Court of Appeal Ruling
The Court of Appeal overturned the earlier decisions, sending a clear message about the limits of MC powers. The key rulings were:
1. Legal Costs Cannot Be Recovered via Bylaw
The Court held that the MC’s bylaw requiring parcel owners to pay the MC’s legal expenses was invalid and unenforceable. The SMA does not empower MCs to pass such bylaws, and any attempt is ultra vires of Section 70(2) SMA 2013 (ref 1). Legal costs must be borne by the MC.
2. Differential Rates Not Allowed
The Court pointed out that using different rates for apartments and villas was unlawful. Different rates of charges under 60(3)(b) SMA 2013 can only be used if the parcels are used for significantly different purposes (ref 1 & 2).
The parcels in the development, whether apartments or villas, have the same use for residential purposes. Therefore, the apartments and villas in this case cannot be deemed to be used for “significantly different purposes”, in order to justify the different rates imposed by the MC under Section 60(3)(b) of the SMA (ref 2). This matter is pending an appeal in the Federal Court (ref 2).
3. Sinking Fund Contributions Capped at 10%
The SMA sets sinking fund contributions at 10% of maintenance charges. The Court confirmed that MCs cannot increase this percentage through resolutions or bylaws (ref 1). Any attempt is invalid. This protects owners from excessively costly liabilities.
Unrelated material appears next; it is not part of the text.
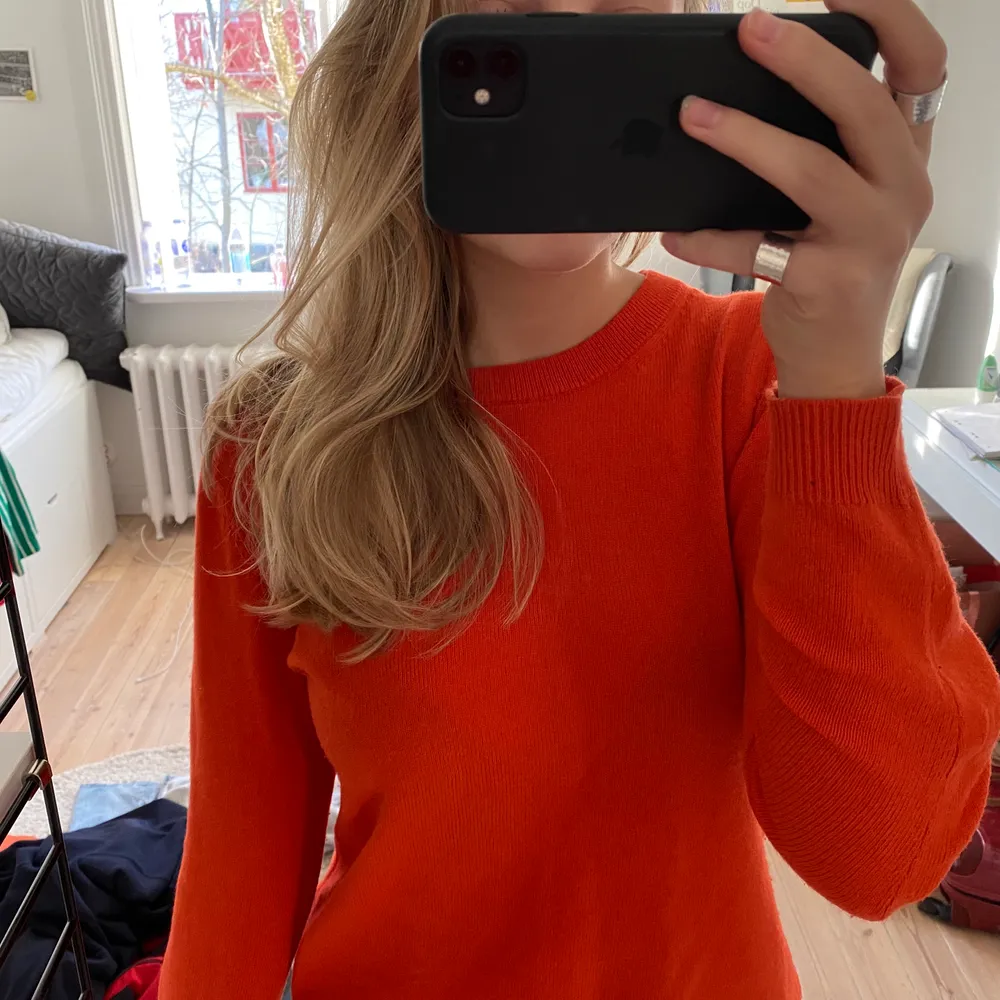 Så fin orange tröja från Dagmar i storlek xs. Materialet är stickat och den är lite ljusare orange i verkligheten! Köpare står för frakt. Nypris ca 1200. Tröjor & Koftor.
Going by this ruling, cash calls would not be permitted either, as such levies are outside the scope of the SMA. MCs must raise funds through the mechanisms provided in the Act.
Personal Commentary
The Court of Appeal’s decision in this case acts as a reminder to ensure that management practices are aligned with statutory requirements. By invalidating cash calls, extra sinking fund contributions, bylaws on legal costs and the use of differential rates, the Court has reaffirmed the principle that MCs must act strictly within the powers granted by the SMA. Although MCs often face monetary strains and difficulties in managing the development, the Court of Appeal has emphasised that solutions must remain within the limits of the SMA.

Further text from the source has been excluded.